Karanka’s team were a goal down by then, picked off by Ross McCormack. Who else. While journalists on Teesside welcomed Boro’s new manager last week, others in Yorkshire reflected on Boro’s committed but unsuccessful attempt to sign McCormack in August. The offers from Teesside climbed to £2m but Leeds saw themselves on the raw end of that deal and declined with thanks.

McDermott admitted in the lead up to Saturday’s game that he and Leeds would be answering awkward questions if McCormack was doing for another Championship club what he is doing now for Leeds. “Every time he plays he looks like he’s going to score a goal,” the United boss said. “Or two or three. That’s where he’s at.” His effort against Boro, the opening goal on 34 minutes, was his 13th of the season, his seventh in three matches.

It went down as a tap-in by the time McCormack scored it but the chance was taken with the poaching instinct that Boro, with Kei Kamara in front of Marvin Emnes, need themselves. Rodolph Austin set the attack in motion with a deep cross to Tom Lees who played the percentages and turned the ball across goal, inviting McCormack to convert it with a flick of his head.

The Scot teased Boro’s support with a gesture towards them but many of Boro’s problems stemmed from within, dominant though United were before half-time. A defence at sixes and sevens became a defence at fives and sixes when Steele, who had earlier parried a shot from Rodolph Austin and watched Blackstock scoop an easy finish over the bar, dithered over a ludicrous backpass from Daniel Ayala and flattened Blackstock on the edge of the box.

Referee Phil Gibbs red-carded the keeper and gave Karanka his first taste of Championship chaos. Boro sacrificed the ever-enigmatic Emnes and made space for Jayson Leutwiler, their Swiss reserve keeper. It was to their relief that injury-time had virtually started by the time Leutwiler took to the pitch.

McDermott thought the dismissal was justified and should have been the second of the match after Ayala cut out a pass to McCormack with his hand minutes earlier. “It was deliberate,” McDermott said of Ayala’s offence, “but the referee didn’t see it that way.” Karanka commented on Steele’s red card by answering a completely different question.
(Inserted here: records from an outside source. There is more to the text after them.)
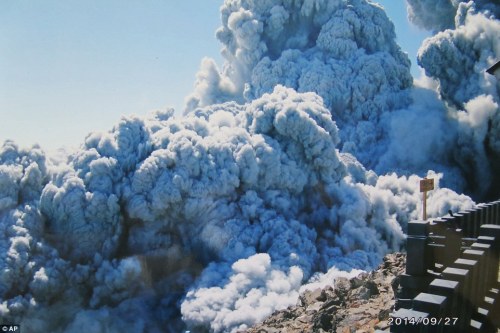 sangredulce1:Photograph capturing the huge cloud of ash from Japanese volcano, Mount Ontake, that sw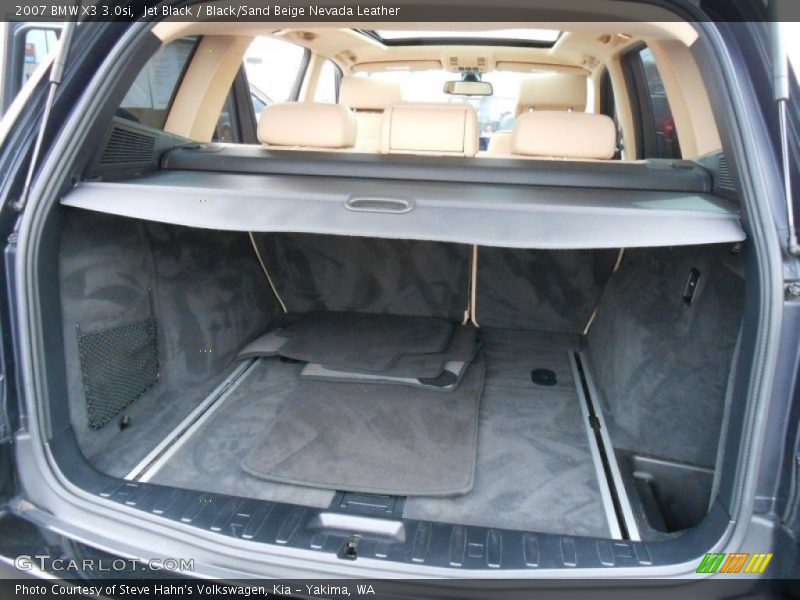  2007 X3 3.0si Trunk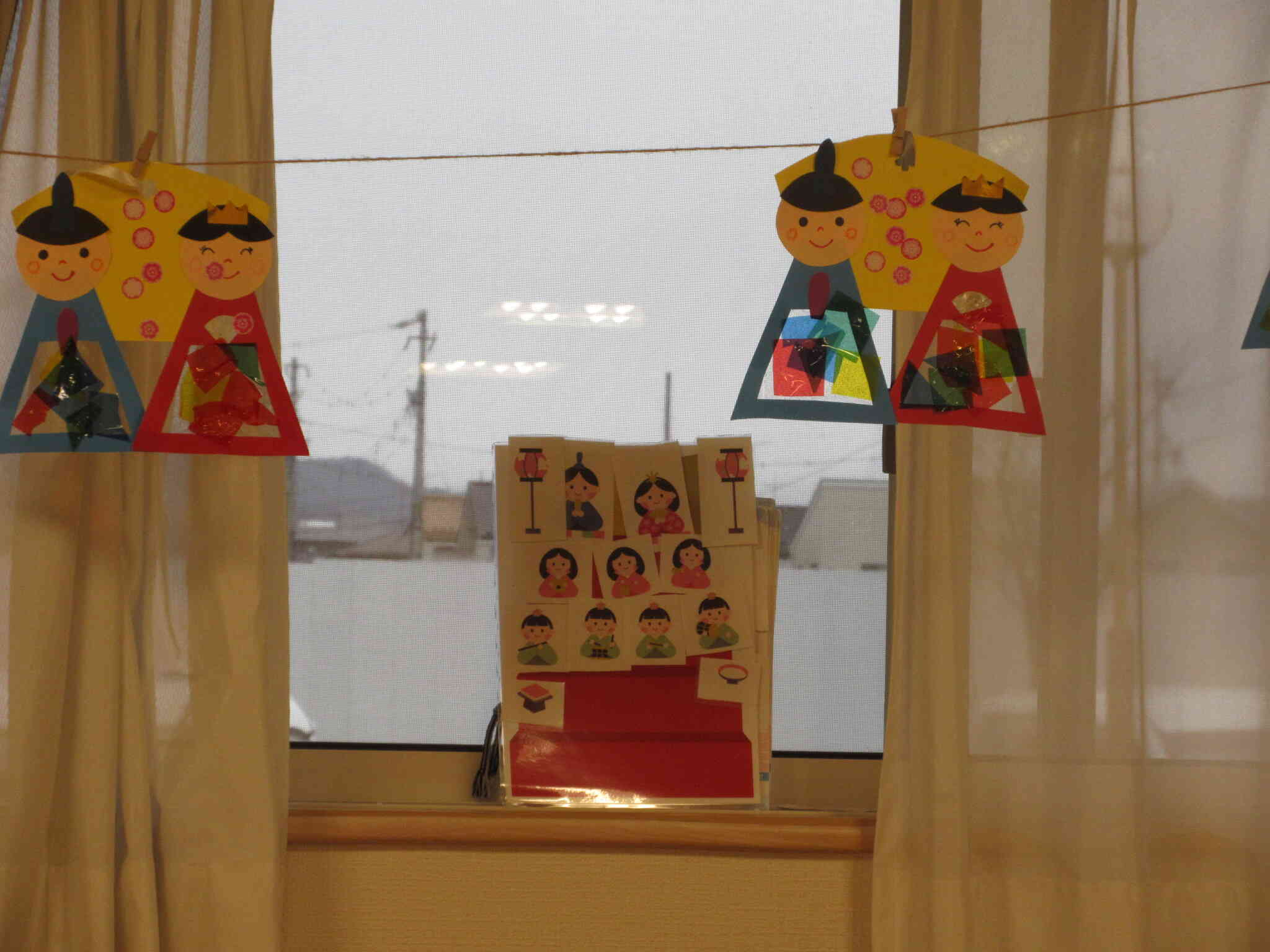 かわいいおひなさまができました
He already has the Arsene-Wenger-sidestep honed and in play.

McDermott joked that a Boro side reduced to nine men would have caused him nightmares since Leeds did not cope brilliantly with a Boro side reduced to 10. “There’s an assumption when the opposition go down to 10 men it’s going to be easier,” McDermott said. “I think it’s harder, psychologically.

“The place gets edgy because you assume that you’ll win the game comfortably. But Middlesbrough have got pace in their team and they’re dangerous on the counter.”

Leeds found that out in the 52nd minute when Albert Adomah tore down the right wing and hooked a glorious cross down the throat of Mustapha Carayol who volleyed the ball past Paddy Kenny. It reminded Leeds of the fact that while Boro would take McCormack tomorrow, they would take Boro’s wingers. But five minutes later, Pearce averted any browbeating by jumping above Frazer Richardson and dispatching Lee Peltier’s delivery with a firm header.

Boro pressed on tirelessly a mile away from Kenny in a game which was less on edge than the tension suggested.

Two efforts from Alex Mowatt, both parried by Leutwiler, were the pick of the chances. McCormack eventually sucked the life out of added-time by breaking down the right wing, drawing a foul and rounding off another decent day.

“I wanted him to stay and I never wavered on that,” McDermott said. “He wanted to stay at Leeds and he never wavered either.” At the moment, you wouldn’t.

Leeds United: Kenny, Lees, Zaliukas, Pearce, Peltier, Murphy (Brown 89), Mowatt, Pugh (Byram 82), Austin, McCormack, Blackstock (Smith 81). Subs (not used): Cairns, Varney, Tonge, Poleon.

Middlesbrough: Steele, Richardson, Woodgate, Ayala, Friend, Adomah, Leadbitter, Smallwood (Jutkiewicz 83), Carayol (Main 67), Kamara, Emnes (Leutwiler 44). Subs (not used): Williams, Butterfield, Whitehead, Gibson.